(DATA EXTRACT begins)

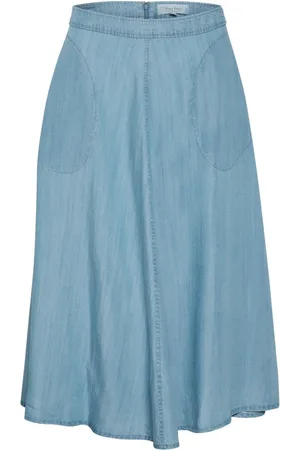 Part Two Femme, Jupes, Bleu, Taille: 48 FR Jupe Trapèze en Denim Bleu Clair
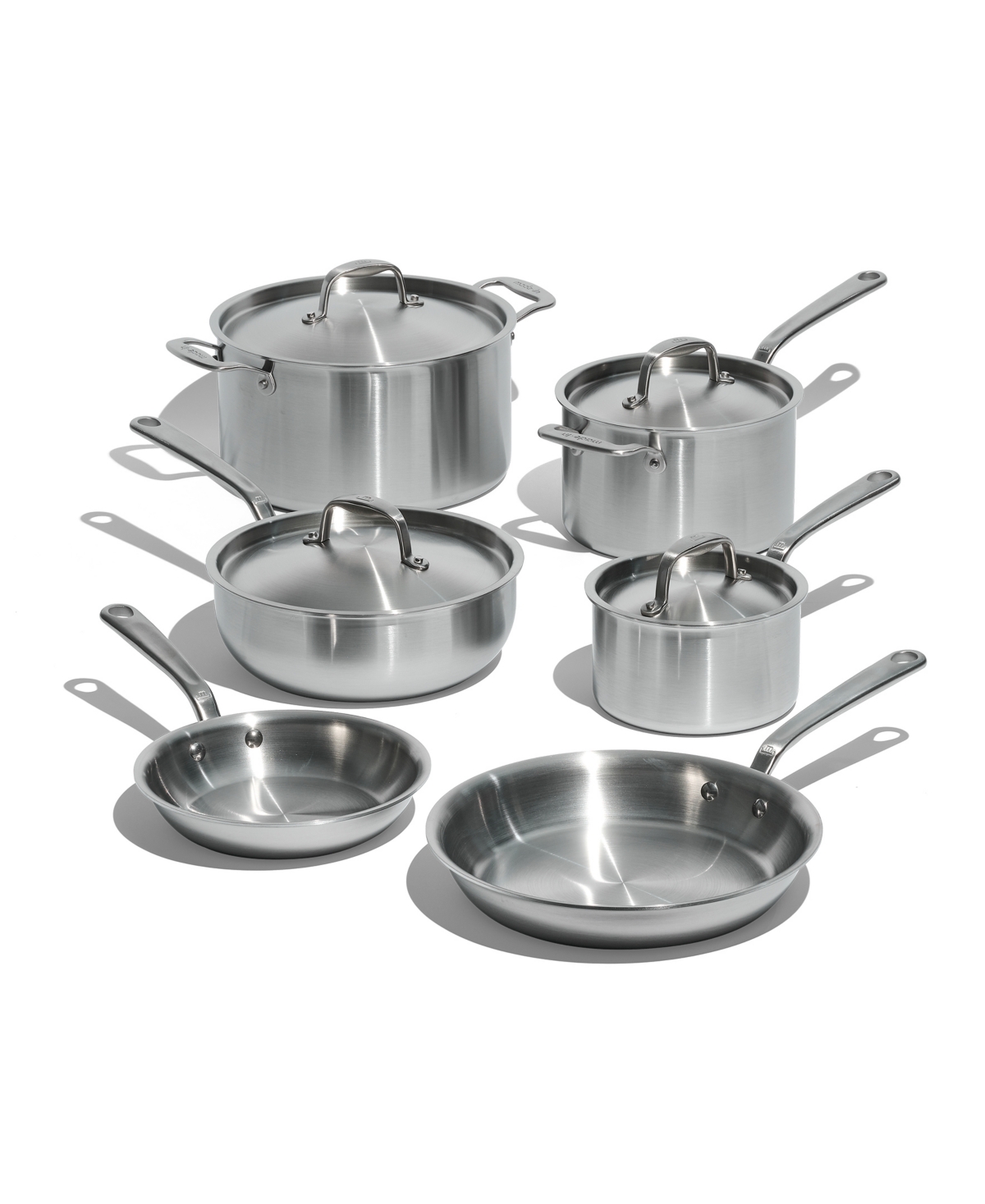 Stainless Steel Clad 10-Piece Cookware Set - Stainless clad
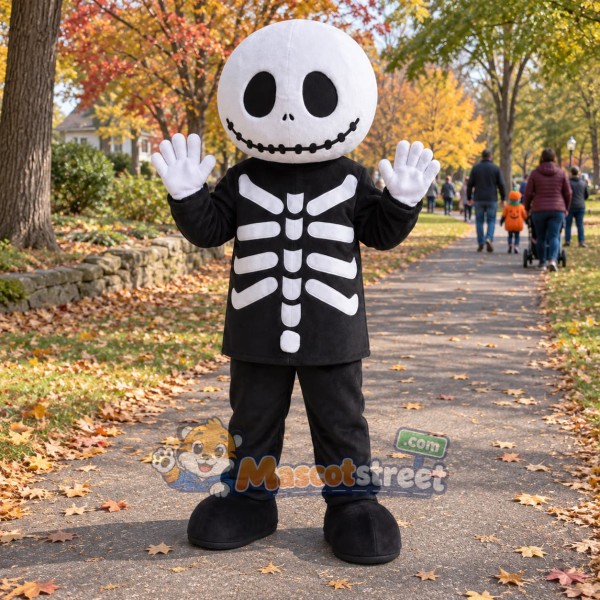Skeleton Mascot Costume with Black Suit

(DATA EXTRACT ends)

WHAT YOU HAVE TO DO -> Reproduce the lines above exactly, please, but not the pictures in them.

YOUR SOLUTION ->
 Part Two Femme, Jupes, Bleu, Taille: 48 FR Jupe Trapèze en Denim Bleu Clair
 Stainless Steel Clad 10-Piece Cookware Set - Stainless clad
Skeleton Mascot Costume with Black Suit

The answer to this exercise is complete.